I feel this has to be written. I am at my son's dance studio three days a week and every time I'm there, I see the same thing, over and over again. And I'm tired of it. I am there to support my son and his girls, not to babysit your children.
1. Be there for your child. Your child is there to dance and have fun, and if they are the same age as my son, they compete. I'm tired of the drop-off parents who drop their kids off and don't stay to watch the class. Yes, they pretty much do the same thing over and over again, but how are you to know if your child is doing good in class or having issues with the steps unless you are there? The instructor is not going to hunt you down. She doesn't have time for that.
Also, stop complaining if your child is not front and center for the routine. Yes, I do have a boy dancer, the only one on his line, but there have been times when he has been buried in the middle of the pack because his footwork isn't as good as some of the girls or he isn't as animated as some of the girls. Doesn't bother me at all. I know that in order to get him to the front, he has to be better. And competition is not the time to be complaining to the instructor. COME TO CLASS and bring up the issue then. The instructor will give you a very good reason why your child is buried in the back corner of the group.

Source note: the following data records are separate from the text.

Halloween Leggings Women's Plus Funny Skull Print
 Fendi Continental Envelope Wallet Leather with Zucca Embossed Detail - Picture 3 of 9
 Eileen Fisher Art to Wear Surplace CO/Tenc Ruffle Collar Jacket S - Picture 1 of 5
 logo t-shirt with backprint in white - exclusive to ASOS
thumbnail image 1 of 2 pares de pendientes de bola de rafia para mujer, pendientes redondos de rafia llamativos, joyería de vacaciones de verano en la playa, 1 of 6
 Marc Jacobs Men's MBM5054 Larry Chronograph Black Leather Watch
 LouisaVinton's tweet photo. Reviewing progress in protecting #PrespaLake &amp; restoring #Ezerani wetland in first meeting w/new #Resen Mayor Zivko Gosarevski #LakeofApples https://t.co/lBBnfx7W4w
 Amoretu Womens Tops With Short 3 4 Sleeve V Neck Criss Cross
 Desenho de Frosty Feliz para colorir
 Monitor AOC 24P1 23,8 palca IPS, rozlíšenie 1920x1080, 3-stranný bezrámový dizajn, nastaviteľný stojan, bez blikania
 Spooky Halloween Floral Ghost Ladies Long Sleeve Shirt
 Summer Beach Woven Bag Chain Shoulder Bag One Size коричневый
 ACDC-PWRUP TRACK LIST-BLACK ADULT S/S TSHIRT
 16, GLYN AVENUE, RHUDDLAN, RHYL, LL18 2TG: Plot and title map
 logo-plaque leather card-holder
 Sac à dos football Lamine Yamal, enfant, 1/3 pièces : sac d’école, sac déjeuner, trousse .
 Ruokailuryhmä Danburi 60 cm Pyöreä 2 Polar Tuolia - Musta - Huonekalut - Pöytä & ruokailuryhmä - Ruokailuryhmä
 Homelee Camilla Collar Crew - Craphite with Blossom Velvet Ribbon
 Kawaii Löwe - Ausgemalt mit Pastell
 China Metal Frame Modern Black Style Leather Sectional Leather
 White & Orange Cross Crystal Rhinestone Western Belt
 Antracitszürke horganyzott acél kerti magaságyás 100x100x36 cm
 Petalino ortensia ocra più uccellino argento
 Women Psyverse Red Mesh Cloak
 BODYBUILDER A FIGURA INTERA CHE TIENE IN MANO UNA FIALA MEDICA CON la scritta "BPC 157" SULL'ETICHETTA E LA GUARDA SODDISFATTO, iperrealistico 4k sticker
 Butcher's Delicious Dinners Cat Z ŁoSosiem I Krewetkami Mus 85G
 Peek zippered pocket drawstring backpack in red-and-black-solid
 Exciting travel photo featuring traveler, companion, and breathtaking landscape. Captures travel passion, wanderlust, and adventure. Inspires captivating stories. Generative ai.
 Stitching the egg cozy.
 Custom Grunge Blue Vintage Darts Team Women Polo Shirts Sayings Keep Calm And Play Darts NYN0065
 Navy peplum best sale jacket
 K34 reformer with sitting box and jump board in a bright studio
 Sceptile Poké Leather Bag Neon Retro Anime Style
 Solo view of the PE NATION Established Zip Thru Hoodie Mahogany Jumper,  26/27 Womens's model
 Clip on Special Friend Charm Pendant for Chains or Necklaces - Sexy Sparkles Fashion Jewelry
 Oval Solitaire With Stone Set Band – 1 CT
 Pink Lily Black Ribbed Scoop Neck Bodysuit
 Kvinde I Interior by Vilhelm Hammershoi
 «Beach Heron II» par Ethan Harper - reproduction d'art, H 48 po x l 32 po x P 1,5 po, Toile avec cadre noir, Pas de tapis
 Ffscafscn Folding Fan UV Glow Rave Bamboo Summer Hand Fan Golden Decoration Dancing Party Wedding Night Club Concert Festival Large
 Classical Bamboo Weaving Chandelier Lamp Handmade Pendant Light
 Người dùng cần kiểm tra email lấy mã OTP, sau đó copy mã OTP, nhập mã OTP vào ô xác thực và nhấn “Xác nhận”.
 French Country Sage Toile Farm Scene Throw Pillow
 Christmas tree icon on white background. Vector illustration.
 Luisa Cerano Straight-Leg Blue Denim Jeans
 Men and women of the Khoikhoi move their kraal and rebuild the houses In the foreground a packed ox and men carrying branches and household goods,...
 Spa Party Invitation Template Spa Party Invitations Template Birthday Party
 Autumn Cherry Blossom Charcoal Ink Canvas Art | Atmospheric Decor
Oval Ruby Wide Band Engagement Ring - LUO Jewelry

But most of all, your child will improve greatly if they know you are watching. They will stop screwing around in class if they know they will get reamed for it after class. Trust me, I went through this with my child. I threatened on more than one occasion to pull him from class if he doesn't stop screwing around. He loved dancing so much, he started paying attention and improving. Also, your child wants to do their best in front of you. And if they practice at their best, they will improve and have that dynamic performance at competition that will help earn the line that coveted Platinum award.
Also, if you come in the studio and watch your child, you won't miss important announcements! Stop relying on your child to get you the information. Half the time they forget by the time class is over or the flyer the instructor gives them gets stuffed in the bottom of the dance bag.
2. Leave the non-dancing children at home or find something to keep them occupied that doesn't involve disrupting other parents or dancers. I understand if you are a single parent or your spouse works. But find some other arrangement for your child or WATCH YOUR CHILDREN. I am not a babysitter. I am tired of telling kids to stop running in the studio hallway or screaming at the top of their lungs. It is very distracting for those trying to dance in the classrooms. If your child has a video game system and will sit still during class time if they are glued to it, bring it. Bring books, or coloring books. Sit them down so they are quiet. I don't know how many times my crochet bag is kicked or stepped on because some little rugrat is running around and not paying attention. And don't give me a dirty look if your child falls down and starts crying because they tripped on my bag. My bag is always by my feet so that it won't get tripped on. And walking fast so they don't get yelled at for running has the same consequences. Park their butts on the floor or in a chair with something to keep their brains occupied.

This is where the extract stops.